=== Problem ===
Look below for the line that has "Mosasauro, il gigante dei mari"; output exactly from it through the line that has "OMY Kit de peinture Dinos Vert", and leave the pictures out.

Scraped caption text data:
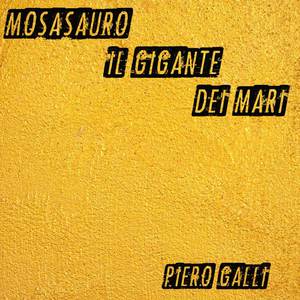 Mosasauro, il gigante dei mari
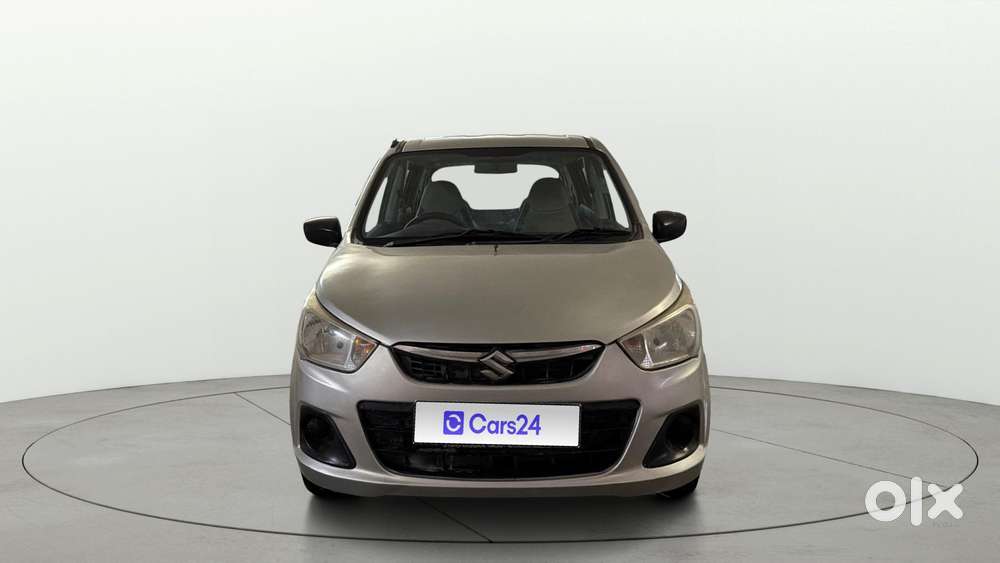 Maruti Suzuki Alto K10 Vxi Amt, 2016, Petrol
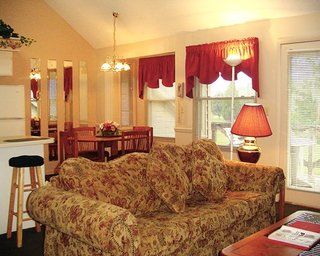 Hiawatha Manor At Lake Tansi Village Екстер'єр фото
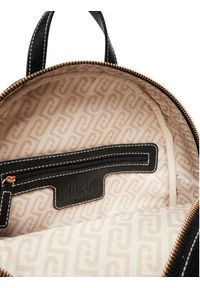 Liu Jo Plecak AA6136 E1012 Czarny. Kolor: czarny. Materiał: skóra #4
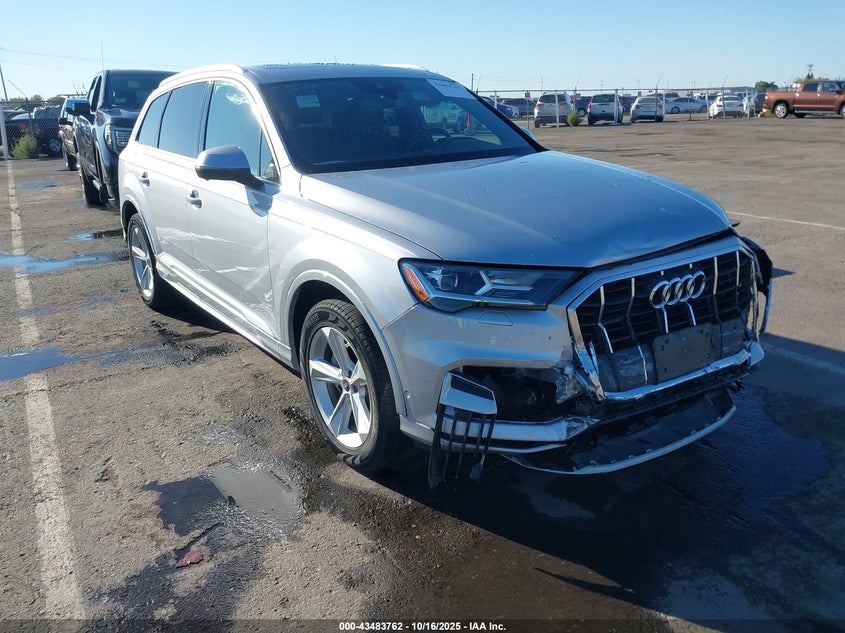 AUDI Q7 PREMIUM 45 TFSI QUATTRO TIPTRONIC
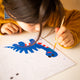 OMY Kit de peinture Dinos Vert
--
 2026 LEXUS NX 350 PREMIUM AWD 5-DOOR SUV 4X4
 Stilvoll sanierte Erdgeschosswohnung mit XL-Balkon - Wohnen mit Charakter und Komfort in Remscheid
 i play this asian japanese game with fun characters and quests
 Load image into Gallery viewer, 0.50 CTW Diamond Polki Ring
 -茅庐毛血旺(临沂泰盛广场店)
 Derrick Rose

=== Output of the task ===
 Mosasauro, il gigante dei mari
 Maruti Suzuki Alto K10 Vxi Amt, 2016, Petrol
 Hiawatha Manor At Lake Tansi Village Екстер'єр фото
 Liu Jo Plecak AA6136 E1012 Czarny. Kolor: czarny. Materiał: skóra #4
 AUDI Q7 PREMIUM 45 TFSI QUATTRO TIPTRONIC
 OMY Kit de peinture Dinos Vert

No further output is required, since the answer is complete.